Would love to give you an executive briefing to show you how the technology works.
Best regards,
Darrell W. Gunter
EVP/Chief Marketing Officer
[email protected]
Collexis Holdings, Inc.
1201 Main St. Suite 980
PO Box 11951
Columbia, SC 29211
Main: +1.803.727.1113
Direct +1.973.762.9715
Cell +1.973.454.3475
Fax +1.803.727.1118
Posted by: Darrell Gunter | August 15, 2008 at 03:25 PM
Jeff,
What I would really like to see is more active user participation in search engine technology and implementation. As search engines become more decision oriented, as the results they produce begin to take on more character as intellectual extensions of the analysts and programmers who created them, they also become more alienating to the user.
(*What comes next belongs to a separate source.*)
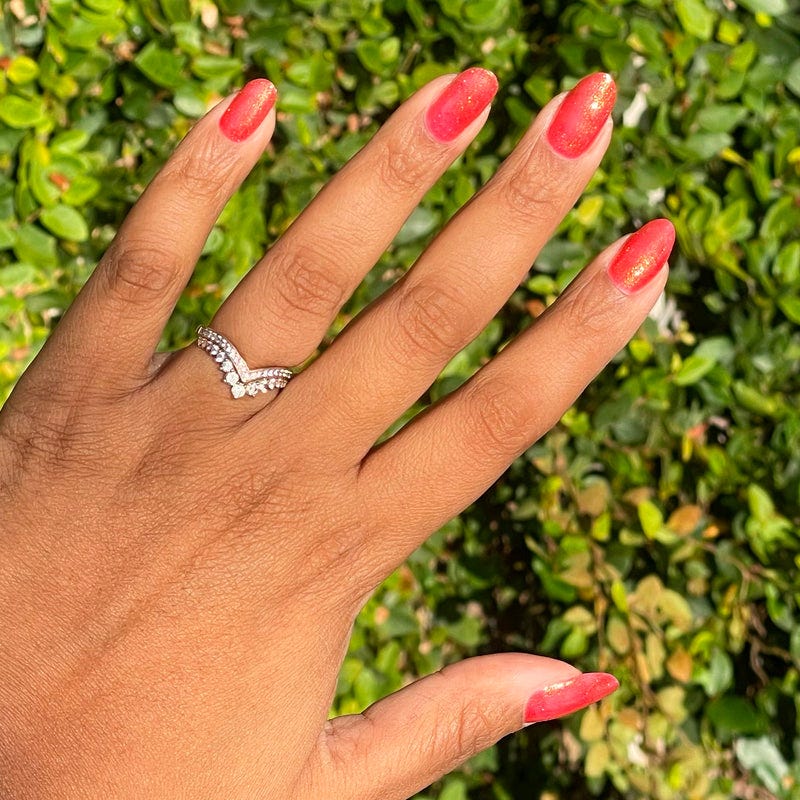 Hand with manicured nails and a decorative ring.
It is precisely this form of alienation that has become an increasing liability to Microsoft's programs and operating systems.
As a search consumer, what I would really appreciate is a search engine that creates profiles, not on some distant submerged server, but on my -own- machine. I'm delighted to have a profile created based on my web activity at Myspace, or Facebook, or Google, but I want that profile, or profiles to be on MY computer, and to have the opportunity to edit them, change them, or decide whether they are going to be associated with my identity at any given time, for any search, or at any web location.
All one needs to do is tally the number of 99-year-old participants on a site like Myspace, a barrier to defend against advertising profiling and autonomous search techniques, to see the indicators of the conflict that is coming in this arena.
Tim
Posted by: Tim R | September 19, 2008 at 08:27 AM
By the way, this is fairly consistent with your GIO video. More than simply being impractical, centralized control also breeds contempt. Microsoft may not have figured this out in time.
Posted by: Tim R. | September 20, 2008 at 08:59 AM
As for point (3), Google does already offer personalized search. See, for example, the article "Is Google’s Personalized Search Going to Change SEO Efforts?" on SearchEngineAcademySC.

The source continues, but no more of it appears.